Мария подошла к туалетному столику и взглянула в зеркало. «До чего же я бледная», — подумала она, расчесывая длинные, до плеч, черные волосы. За последние дни глаза у нее опухли от слез. В голову вдруг пришла нелепая мысль: «Какое счастье, что у меня папины синие глаза, как замечательно, что я высокая, как он. Это сильно помогало мне при игре в волейбол».

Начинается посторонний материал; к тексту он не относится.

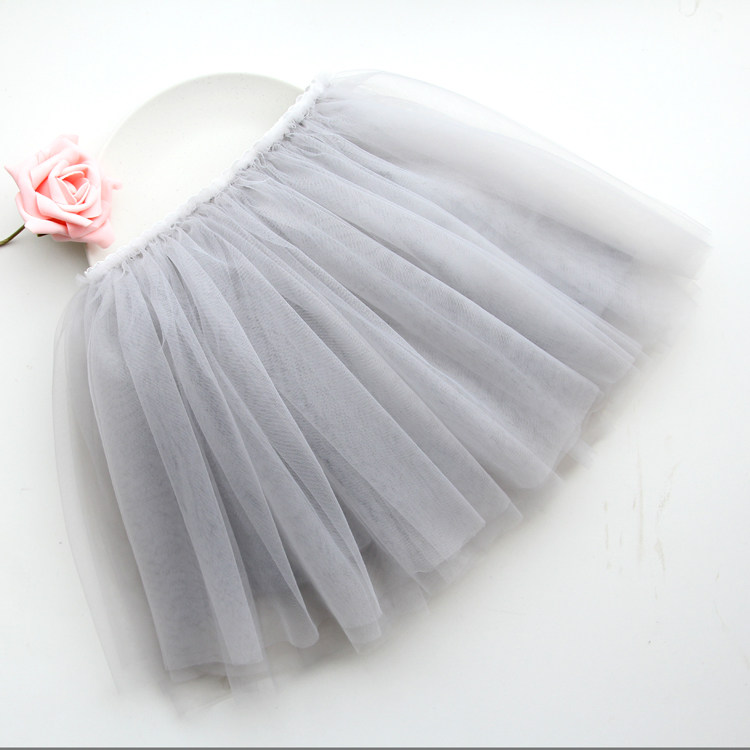 Jupe fillette MINI COLOUR - Ref 2053305 Image 11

— Не верю, что его больше нет, — прошептала Мария, думая о его семидесятилетнем юбилее всего три недели тому назад.
Ей вспомнились события последних четырех дней. В понедельник вечером она задержалась на работе, чтобы продумать план инвестиций для нового клиента. В восемь часов, вернувшись домой в Гринвич-Виллидж, как обычно, позвонила отцу. Насколько она помнила, голос показался ей грустным. Он рассказал, какой у мамы был ужасный день, что болезнь Альцгеймера прогрессировала ужасающе быстро. Что-то заставило ее позвонить еще раз в половине одиннадцатого. Тревога за обоих нарастала.